Time is up for many condo associations to benefit from borrowers using mortgages insured by the Federal Housing Administration. Fewer than 10% of the nation’s condominiums received recertification nearly two years after a change in requirements.

So for borrowers looking to buy into those properties, they will be unable to obtain FHA-backing and likely need more in down payment.

But it is those requirements, however, getting backlash from condo associations as well as U.S. lawmakers.

About 2,100 condo projects nationwide were reapproved or recertified for FHA-insured mortgages, more than 25,000 certifications expired this year through Sept. 30, according to the Department of Housing and Urban Development.

HUD said uncertified condo associations failed the process for several different reasons., though largely due inability to meet reserve fund requirements, legal disputes, insufficient insurance coverage and high investor ownership.

But in a letter to HUD Secretary Shaun Donovan, U.S. representatives Barney Frank (D-Mass.), Michael Capuano (D-Mass.) and Stephen Lynch (D-Mass.) expressed worry over the new approval process.

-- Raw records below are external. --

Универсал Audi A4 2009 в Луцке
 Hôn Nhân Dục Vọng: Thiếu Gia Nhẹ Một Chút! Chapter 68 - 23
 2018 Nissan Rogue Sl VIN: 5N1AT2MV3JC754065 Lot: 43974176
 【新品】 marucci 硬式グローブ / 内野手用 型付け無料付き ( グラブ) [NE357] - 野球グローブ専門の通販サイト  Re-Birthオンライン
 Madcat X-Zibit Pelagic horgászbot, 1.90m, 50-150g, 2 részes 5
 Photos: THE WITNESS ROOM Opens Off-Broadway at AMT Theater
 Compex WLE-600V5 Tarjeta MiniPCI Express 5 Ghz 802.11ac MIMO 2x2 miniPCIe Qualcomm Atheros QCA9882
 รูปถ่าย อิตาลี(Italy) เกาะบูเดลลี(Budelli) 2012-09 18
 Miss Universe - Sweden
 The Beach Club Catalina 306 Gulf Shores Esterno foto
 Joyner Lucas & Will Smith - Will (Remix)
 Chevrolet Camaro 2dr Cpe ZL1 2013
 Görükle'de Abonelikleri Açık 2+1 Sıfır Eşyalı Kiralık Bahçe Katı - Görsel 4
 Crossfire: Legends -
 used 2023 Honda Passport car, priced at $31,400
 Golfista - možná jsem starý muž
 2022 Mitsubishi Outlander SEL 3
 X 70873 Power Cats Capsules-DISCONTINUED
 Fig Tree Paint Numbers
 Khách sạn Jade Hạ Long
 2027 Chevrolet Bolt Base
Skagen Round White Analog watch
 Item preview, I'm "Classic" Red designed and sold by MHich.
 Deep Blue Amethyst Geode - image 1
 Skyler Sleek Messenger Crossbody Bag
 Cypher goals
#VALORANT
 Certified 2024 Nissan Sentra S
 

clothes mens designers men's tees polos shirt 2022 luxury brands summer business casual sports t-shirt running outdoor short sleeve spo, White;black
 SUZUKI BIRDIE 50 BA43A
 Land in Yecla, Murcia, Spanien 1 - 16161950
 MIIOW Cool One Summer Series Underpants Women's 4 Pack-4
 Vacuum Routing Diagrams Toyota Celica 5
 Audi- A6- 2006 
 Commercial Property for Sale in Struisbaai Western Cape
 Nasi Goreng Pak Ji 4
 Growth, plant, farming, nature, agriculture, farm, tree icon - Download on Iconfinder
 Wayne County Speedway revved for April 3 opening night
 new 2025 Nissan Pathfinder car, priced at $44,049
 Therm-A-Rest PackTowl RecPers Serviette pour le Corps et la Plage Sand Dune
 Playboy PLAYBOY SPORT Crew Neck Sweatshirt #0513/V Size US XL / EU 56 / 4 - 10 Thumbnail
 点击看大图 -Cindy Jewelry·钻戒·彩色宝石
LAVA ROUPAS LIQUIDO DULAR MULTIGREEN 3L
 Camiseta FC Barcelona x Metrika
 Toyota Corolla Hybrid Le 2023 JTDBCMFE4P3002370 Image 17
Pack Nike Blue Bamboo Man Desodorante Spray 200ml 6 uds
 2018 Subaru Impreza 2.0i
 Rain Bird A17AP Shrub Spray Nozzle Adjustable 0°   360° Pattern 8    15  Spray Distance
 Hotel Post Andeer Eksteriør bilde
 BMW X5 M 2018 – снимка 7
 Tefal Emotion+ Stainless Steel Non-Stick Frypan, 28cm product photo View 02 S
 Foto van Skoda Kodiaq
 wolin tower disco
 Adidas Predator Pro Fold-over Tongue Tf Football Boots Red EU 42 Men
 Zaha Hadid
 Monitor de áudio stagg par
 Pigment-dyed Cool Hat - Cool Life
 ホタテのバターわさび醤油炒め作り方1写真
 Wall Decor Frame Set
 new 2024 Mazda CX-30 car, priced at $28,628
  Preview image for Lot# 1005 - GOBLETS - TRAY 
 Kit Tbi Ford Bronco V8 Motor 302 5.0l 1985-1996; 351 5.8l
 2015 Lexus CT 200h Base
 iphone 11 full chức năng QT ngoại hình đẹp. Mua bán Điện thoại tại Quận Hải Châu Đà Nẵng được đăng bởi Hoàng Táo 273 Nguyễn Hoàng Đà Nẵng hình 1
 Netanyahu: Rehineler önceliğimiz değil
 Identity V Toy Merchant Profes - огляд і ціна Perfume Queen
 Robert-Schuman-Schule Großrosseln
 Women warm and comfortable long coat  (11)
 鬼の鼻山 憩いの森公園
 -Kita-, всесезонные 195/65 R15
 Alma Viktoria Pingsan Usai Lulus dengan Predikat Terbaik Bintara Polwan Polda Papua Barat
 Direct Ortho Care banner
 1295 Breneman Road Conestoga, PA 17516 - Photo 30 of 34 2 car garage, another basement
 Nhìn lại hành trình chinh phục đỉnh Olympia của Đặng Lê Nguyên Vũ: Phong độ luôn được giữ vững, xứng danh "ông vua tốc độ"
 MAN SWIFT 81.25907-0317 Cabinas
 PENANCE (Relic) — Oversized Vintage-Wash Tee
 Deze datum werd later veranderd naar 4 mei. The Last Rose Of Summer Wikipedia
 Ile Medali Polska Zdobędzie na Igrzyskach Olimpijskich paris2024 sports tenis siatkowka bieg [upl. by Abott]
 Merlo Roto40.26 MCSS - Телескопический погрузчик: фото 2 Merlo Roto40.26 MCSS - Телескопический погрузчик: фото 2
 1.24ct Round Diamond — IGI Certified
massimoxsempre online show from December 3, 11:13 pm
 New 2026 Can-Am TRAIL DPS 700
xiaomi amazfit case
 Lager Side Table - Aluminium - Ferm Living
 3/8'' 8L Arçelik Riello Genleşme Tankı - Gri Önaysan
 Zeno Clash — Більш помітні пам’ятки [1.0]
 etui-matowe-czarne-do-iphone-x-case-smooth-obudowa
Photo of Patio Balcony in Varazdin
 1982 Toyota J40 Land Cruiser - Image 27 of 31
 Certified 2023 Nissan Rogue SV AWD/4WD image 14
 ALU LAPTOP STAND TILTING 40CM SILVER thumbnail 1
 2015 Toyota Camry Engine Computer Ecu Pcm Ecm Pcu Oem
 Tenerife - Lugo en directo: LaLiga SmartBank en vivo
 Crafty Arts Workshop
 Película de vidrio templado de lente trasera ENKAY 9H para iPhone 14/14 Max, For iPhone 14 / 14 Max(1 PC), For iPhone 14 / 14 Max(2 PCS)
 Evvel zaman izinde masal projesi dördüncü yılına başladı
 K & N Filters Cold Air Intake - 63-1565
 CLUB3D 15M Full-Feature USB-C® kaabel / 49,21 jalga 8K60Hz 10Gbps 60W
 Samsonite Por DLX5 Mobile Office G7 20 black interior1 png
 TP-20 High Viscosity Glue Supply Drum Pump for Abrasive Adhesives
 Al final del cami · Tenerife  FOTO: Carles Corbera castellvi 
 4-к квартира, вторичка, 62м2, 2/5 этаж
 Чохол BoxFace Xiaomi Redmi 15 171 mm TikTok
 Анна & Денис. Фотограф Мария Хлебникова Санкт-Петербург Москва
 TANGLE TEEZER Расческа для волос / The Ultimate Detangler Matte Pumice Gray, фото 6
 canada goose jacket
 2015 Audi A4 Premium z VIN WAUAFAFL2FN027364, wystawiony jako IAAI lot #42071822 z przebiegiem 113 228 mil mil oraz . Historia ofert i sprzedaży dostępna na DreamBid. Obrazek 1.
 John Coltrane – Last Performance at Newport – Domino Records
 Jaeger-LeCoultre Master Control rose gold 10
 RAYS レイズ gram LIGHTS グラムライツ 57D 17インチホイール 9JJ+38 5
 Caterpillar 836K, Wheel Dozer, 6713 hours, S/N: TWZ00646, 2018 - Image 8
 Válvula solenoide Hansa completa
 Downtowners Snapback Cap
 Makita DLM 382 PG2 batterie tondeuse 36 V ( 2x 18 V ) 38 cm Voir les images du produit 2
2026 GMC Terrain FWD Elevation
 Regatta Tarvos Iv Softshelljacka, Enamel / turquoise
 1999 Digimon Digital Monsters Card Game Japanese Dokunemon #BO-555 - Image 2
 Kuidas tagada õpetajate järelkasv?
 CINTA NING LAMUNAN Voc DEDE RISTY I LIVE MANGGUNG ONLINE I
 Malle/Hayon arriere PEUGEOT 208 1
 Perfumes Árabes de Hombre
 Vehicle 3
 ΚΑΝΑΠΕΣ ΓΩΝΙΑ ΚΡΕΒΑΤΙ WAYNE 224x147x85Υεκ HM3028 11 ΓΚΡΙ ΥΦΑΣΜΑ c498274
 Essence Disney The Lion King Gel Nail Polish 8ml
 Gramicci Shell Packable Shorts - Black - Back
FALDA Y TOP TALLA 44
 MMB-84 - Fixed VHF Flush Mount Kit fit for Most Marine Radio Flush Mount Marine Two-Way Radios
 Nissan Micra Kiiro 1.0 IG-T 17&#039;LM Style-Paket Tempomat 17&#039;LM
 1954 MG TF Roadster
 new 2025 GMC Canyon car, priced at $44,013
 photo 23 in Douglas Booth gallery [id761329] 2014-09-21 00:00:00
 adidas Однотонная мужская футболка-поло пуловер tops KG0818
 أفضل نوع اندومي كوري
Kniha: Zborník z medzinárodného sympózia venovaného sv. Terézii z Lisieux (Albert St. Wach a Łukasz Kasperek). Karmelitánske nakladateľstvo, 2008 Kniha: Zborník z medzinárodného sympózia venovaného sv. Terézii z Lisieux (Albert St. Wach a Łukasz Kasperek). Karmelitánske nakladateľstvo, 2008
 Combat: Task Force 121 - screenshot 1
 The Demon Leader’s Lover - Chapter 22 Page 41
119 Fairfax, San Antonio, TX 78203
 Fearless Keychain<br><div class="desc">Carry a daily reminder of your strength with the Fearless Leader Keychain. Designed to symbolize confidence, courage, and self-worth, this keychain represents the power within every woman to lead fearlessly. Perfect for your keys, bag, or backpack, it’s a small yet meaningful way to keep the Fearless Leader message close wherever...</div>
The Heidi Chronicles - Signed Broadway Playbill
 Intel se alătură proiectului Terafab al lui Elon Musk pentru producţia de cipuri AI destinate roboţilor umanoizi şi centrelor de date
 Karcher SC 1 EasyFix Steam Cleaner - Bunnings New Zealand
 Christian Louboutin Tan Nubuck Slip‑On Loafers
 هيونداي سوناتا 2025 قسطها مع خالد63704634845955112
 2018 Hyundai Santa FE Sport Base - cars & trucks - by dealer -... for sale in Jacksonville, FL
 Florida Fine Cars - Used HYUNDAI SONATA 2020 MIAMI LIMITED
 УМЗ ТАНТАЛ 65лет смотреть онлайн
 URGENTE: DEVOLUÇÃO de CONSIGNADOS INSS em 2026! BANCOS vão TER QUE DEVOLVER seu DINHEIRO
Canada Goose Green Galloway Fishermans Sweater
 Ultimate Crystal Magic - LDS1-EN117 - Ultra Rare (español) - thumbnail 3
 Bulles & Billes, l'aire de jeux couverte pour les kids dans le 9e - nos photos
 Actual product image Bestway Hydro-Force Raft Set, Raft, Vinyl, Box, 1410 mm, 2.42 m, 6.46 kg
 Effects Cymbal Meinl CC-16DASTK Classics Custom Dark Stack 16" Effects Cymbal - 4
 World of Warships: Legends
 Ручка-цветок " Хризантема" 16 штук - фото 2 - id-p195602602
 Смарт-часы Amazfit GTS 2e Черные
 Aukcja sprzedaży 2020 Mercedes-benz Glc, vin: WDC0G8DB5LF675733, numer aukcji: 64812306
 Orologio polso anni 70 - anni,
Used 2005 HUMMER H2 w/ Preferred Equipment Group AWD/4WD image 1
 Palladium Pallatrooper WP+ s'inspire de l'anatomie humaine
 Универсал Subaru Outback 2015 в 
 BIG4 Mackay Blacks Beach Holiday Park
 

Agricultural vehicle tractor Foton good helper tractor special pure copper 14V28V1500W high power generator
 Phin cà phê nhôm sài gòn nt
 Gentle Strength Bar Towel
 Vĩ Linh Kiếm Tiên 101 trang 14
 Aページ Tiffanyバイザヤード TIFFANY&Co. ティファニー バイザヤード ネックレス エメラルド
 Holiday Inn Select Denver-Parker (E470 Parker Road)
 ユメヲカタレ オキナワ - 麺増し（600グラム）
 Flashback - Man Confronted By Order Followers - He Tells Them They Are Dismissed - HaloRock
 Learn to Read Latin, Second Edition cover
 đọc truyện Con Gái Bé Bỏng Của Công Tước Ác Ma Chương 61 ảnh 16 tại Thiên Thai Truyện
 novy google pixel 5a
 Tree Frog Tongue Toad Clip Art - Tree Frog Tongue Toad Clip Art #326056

The representatives, all three members of the House Committee on Financial Services, urged “the opportunity for public review” on the guidelines before any changes take effect, as well as reconsideration of special assessment and condo fee limits given “current economic conditions.”

Condo projects applying for mortgage approval cannot have more than 15% of units more than 30 days behind on fee payments, nor can they have special assessments or loans to make necessary improvements.

“We believe that these factors do not necessarily indicate that the association is in poor fiscal health and as such should be ineligible for FHA mortgage approval,” the three representatives wrote in the Oct. 31 letter.

Approval process changes became effective December 2009, requiring condos to apply for recertification every two years. That makes Dec. 7 the latest date a condo’s certification can expire without reapplying.

The Community Association Institute said as long as condo associations have a hard time meeting the guidelines, fewer and fewer people will get FHA-backed funding. Of course, the FHA isn’t the only mortgage financing in town, but condo sellers long argue that the typical owner-occupant these properties are designed for will not hold large amounts of cash laying around to meet the difference required in down payments.

Andrew Fortin, who works in government affairs for the Virginia-based condo trade group added the problem isn’t that FHA is creating guidelines, but rather how it goes about it.

“They’re just making it up as they go along, for lack of a better word,” Fortin said. “It is essentially two folks for FHA coming out with what they think would be good for the program. What they’ve created is a set of requirements that make it unnecessarily difficult, if not impossible.”

The Cotton Mill, a New Orleans condo project, was one of the 2,100 to receive recertification. The property manager, Linda Resor, said she had little problem reapplying for the converted fabric factory, aside from a few hiccups with documents.

But Resor said the Cotton Mill, which has 287 units, doesn’t face the problems of other, smaller condo projects. Previous buildings where she worked struggled to meet the 10% benchmark on budgetary reserves now required by the FHA.

“That was a bummer to smaller communities that they’d rather not have money in the bank,” Resor said. “For them to put away 10% of the reserve, they felt it was like big brother breathing down.”

The FHA made other changes in its eligibility requirements, including restrictions on investor involvement. At least 50% of units must be owner-occupied for projects built longer than a year ago, and a single investor can own no more than 10% of units.

In Miami, only about 13% of condos near or on the coast are owner-occupied, according to local consulting firm CondoVultures.com.

The new FHA financing rules also require that 30% of units must be sold before the endorsement of any mortgage in the project.

The alterations in requirements follow the passing of the Housing and Economic Recovery Act of 2008.